The transform and quantization unit 310 transforms input image data in order to remove spatial redundancy of image data. Also, transform coefficient values obtained by transforming and encoding the image data are quantized according to a predetermined quantization method so that N×M data, which is two-dimensional data consisting of the quantized transform coefficient values, is obtained. The predetermined quantization method may be, for example, but not limited to, Discrete Cosine Transformation (DCT). The quantization is performed according to the predetermined quantization method.

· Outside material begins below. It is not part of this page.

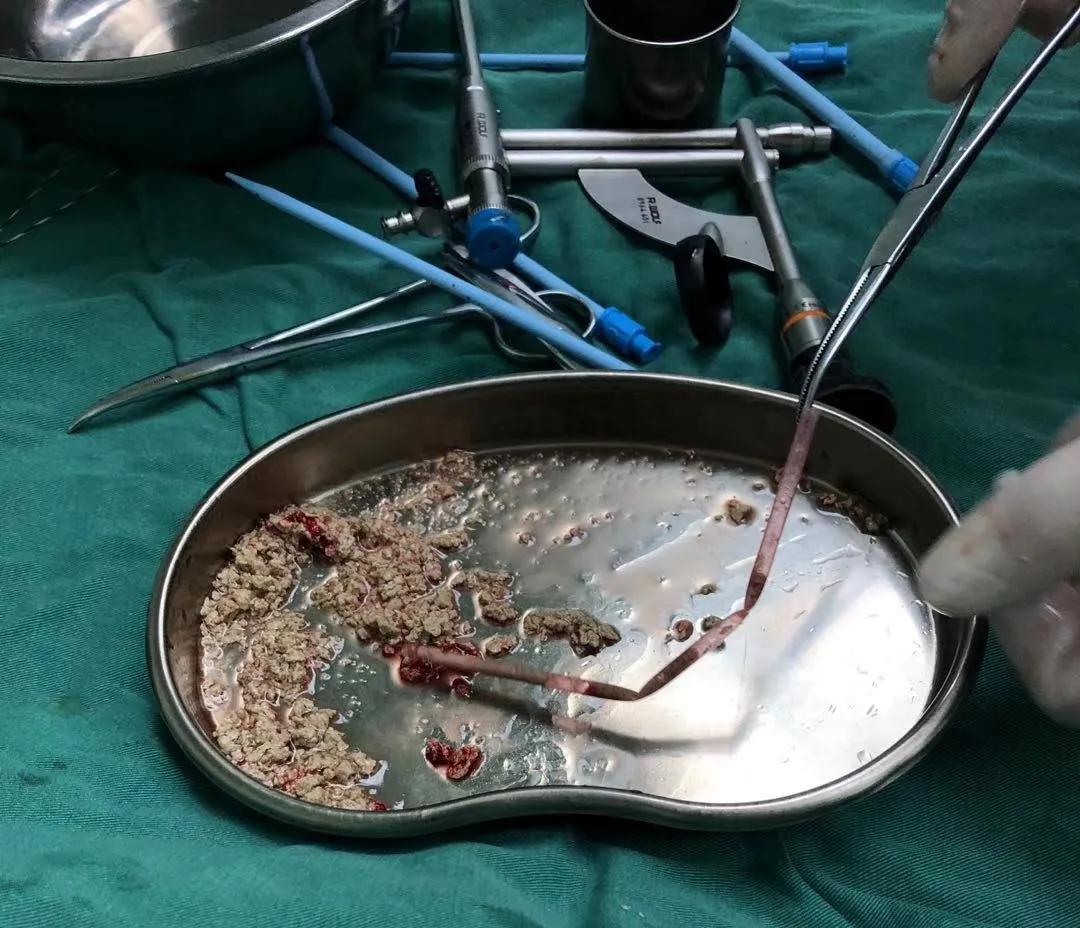 80岁大爷体内取出25厘米长管子,七旬老人体内取出65厘米超长血液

The inverse-transform and de-quantization unit 320 de-quantizes image data quantized by the transform and quantization unit 310, and performs inverse-transformation (that is, for example, but not limited to, inverse-DCT) on the de-quantized image data.
The second adder 362 adds a prediction image output from the inter/intra prediction unit 350 with data restored by the inverse-transform and de-quantization unit 320, and generates a restored image.

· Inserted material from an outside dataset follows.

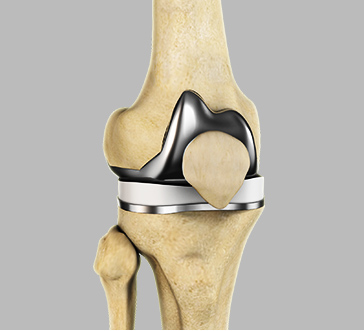 Total Knee Replacement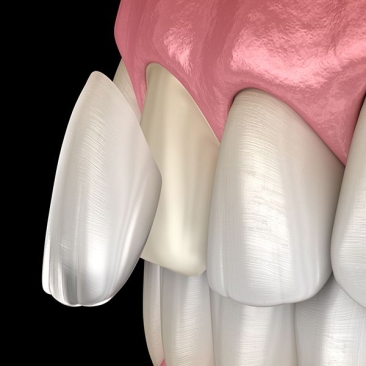 Ceramic Veneer (EMAX)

The de-blocking filter 330 performs filtering and outputs the result to the RGB storage unit 340, in order to remove a blocking phenomenon caused by quantization from the restored image generated by the second adder 362. If desired, the de-blocking filter 330 can be omitted.
The RGB image storage unit 340 stores the image data which has been inverse-transformed and dequantized by the inverse-transform and de-quantization unit 320, or the data filtered by the de-blocking filter 330, in a unit of a frame. The RGB image storage unit 340 may be, for example, but not limited to, a SDRAM, a DDR SDRAM, a DDR2 SDRAM, a SRAM, or a volatile memory device such as a register. The restored RGB image stored in the RGB image storage unit 340 is delayed by a predetermined time and then output and used for inter prediction and intra prediction.
The inter/intra prediction unit 350 includes an intra prediction unit and a motion prediction unit and compensation unit (not shown).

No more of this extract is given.